**TASK INPUT:**
^^^^^^^^^^^^^^^^

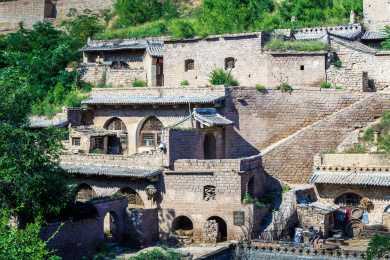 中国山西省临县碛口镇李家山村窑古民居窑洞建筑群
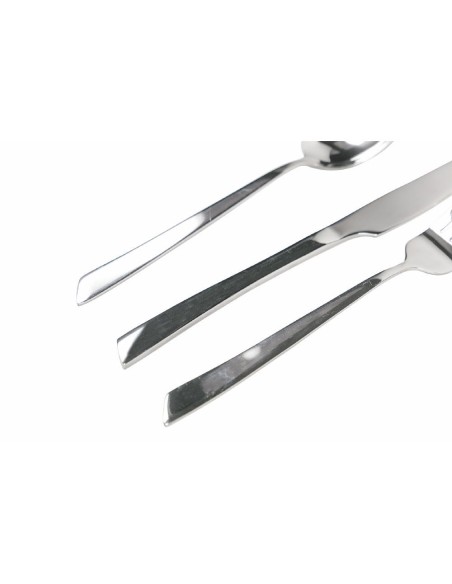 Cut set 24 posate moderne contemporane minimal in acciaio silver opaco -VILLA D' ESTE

^^^^^^^^^^^^^^^^

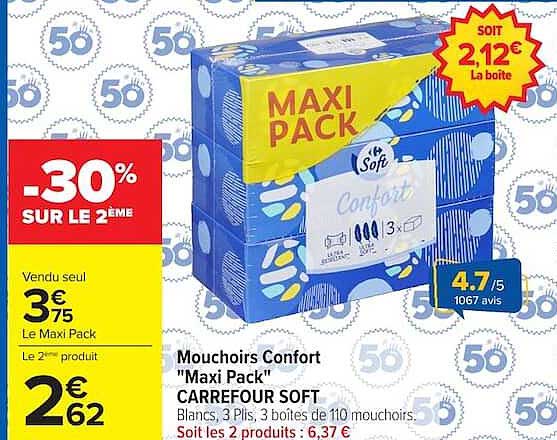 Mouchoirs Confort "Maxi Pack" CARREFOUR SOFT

^^^^^^^^^^^^^^^^

**EXERCISE GOAL:**
Would you please reproduce the entries above, starting at the line with "中国山西省临县碛口镇李家山村窑古民居窑洞建筑群" and stopping after the line with "Cut set 24 posate"? Omit any pictures.

**SOLUTION BELOW:**
 中国山西省临县碛口镇李家山村窑古民居窑洞建筑群
 Cut set 24 posate moderne contemporane minimal in acciaio silver opaco -VILLA D' ESTE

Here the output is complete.